Most Evanston police and firefighters surveyed by city officials say they don't want to live here.
Just 23.3 percent of police and 35.5 percent of firefighters responding said that -- if they could -- they would live in Evanston.
The survey failed to distinguish between employees who currently do or don't live in the city, but answers to open-ended questions indicate that at least some employees who currently do live here did participate.
Overall, about one-third of city employees live in Evanston. City Manager Wally Bobkiewicz says 15 police officers, or about 7 percent of the force, live in the city. Eleven firefighters, or about 10 percent, live here.
Just under half the 224 police employees and 69 percent of the 110 firefighters took part in the survey.
Among the police, 62 percent said they would not live here. For firefighters the "no" percentage was 45 percent. The remainder of each group said they weren't sure.
Given choices of issues that they thought created a "moderate" or "significant" barrier to living in Evanston, both groups saw housing costs and high taxes as big problems, and existing family ties to another community as much less of a problem.
In a separate question, a large majority of police officers responding said they didn't want to live in the same community where they worked for fear they or their families might have unpleasant encounters with people they'd arrested.
In open-ended responses on that issue, some officers said that while a cop working in a large city like Chicago might be able to work in one neighborhood and live in another and not encounter offenders he'd dealt with on the job -- that was not realistic in a smaller city like Evanston.
Asked about a range of possible incentives that might encourage them to choose to live in Evanston, no-interest loans and help with down payments were popular with both groups with majorities saying they would be a "moderate" or "significant" incentive.

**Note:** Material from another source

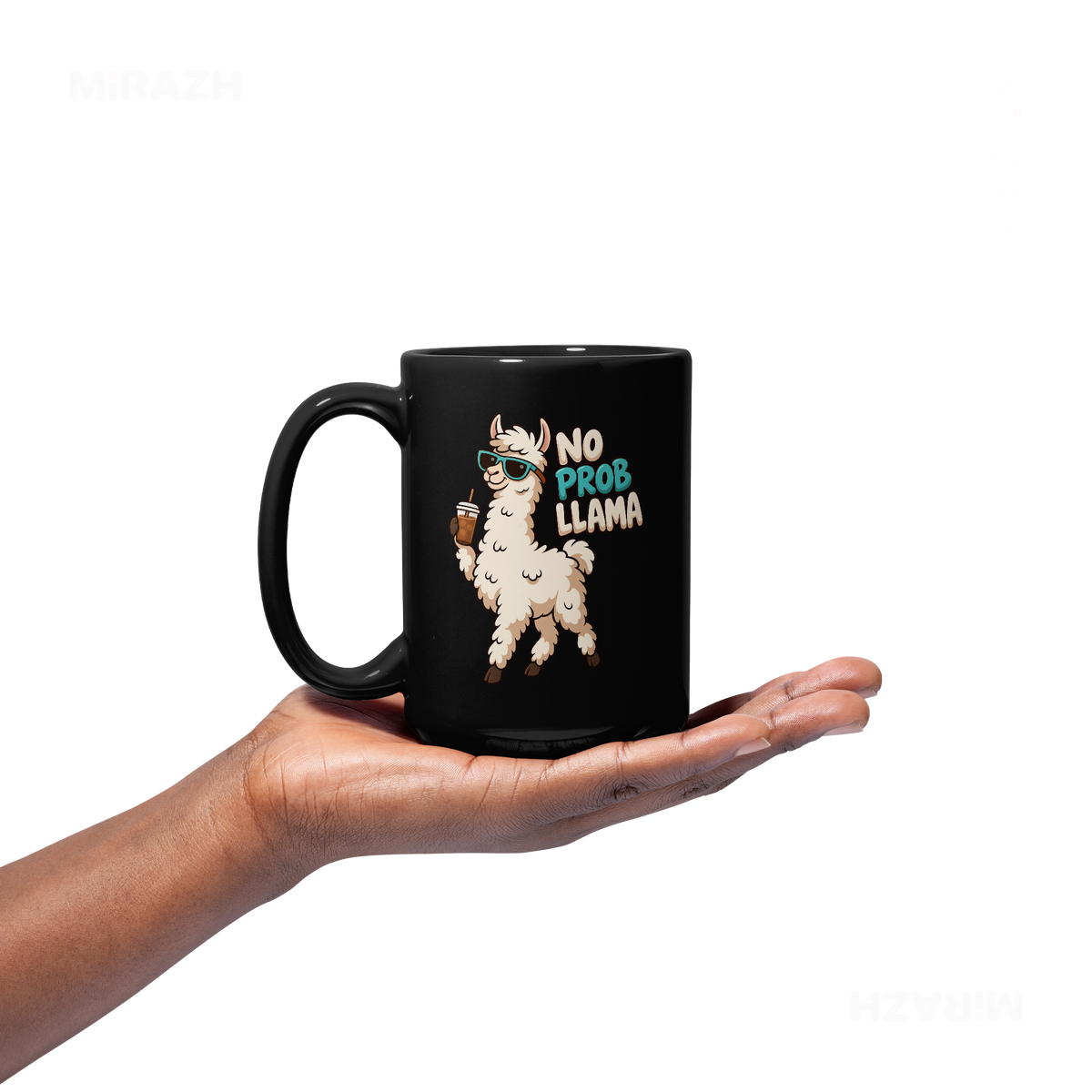 NoProbLlama Ceramic Mug 03 Black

A reduction in property taxes proved popular among police and having a city-provided car they could take home was more popular among firefighters.
The survey results are scheduled to be presented to aldermen at tonight's Rules Committee meeting. Aldermen requested the survey last fall during a discussion of ways to encourage more police to live here -- a move supporters believed would make it easier to distinguish law-abiding residents from criminals.
Some officers responding to the survey criticized aldermen for their decision to apologize to a Northwestern University professor who objected to the brief detention of her 13-year-old son as a burglary suspect.
As one put it, "Aldemen should back us for the work we provide, rather than apologize to citizens prior to knowing all the facts."
The professor has since filed suit against the city over the incident.